• **Task requirements**
The response should be the lines of the data, starting at the first and ending at the one that contains "Used 2015 BMW", copied without change.

────────────────

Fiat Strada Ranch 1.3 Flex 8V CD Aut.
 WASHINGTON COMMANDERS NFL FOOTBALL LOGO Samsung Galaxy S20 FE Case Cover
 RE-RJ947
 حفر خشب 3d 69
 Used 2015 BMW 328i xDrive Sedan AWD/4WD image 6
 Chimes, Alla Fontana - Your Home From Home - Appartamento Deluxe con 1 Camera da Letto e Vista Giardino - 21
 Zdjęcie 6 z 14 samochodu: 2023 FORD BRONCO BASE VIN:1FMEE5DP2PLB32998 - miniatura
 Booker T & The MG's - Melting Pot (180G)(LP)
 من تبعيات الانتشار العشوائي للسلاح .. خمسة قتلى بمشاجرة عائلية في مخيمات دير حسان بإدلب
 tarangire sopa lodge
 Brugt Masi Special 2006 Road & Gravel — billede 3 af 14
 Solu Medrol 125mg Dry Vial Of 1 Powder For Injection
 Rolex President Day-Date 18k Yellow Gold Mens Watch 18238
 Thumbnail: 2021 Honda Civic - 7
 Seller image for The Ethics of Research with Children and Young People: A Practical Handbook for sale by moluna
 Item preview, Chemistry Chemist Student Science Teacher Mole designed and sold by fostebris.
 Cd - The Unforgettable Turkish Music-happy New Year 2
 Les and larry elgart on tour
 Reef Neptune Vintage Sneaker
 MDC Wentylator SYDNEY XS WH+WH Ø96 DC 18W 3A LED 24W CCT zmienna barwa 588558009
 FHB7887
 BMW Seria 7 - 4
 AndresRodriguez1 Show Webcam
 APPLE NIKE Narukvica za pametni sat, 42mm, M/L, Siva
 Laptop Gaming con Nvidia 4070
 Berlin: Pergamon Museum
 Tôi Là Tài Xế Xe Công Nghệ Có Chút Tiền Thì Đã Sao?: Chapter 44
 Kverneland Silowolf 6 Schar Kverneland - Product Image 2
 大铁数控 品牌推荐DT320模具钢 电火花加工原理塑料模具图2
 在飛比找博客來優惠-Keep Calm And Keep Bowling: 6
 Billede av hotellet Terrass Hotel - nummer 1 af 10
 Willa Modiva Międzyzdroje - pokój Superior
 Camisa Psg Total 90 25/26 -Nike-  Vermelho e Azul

────────────────

• **Answer for this exercise**
Fiat Strada Ranch 1.3 Flex 8V CD Aut.
 WASHINGTON COMMANDERS NFL FOOTBALL LOGO Samsung Galaxy S20 FE Case Cover
 RE-RJ947
 حفر خشب 3d 69
 Used 2015 BMW 328i xDrive Sedan AWD/4WD image 6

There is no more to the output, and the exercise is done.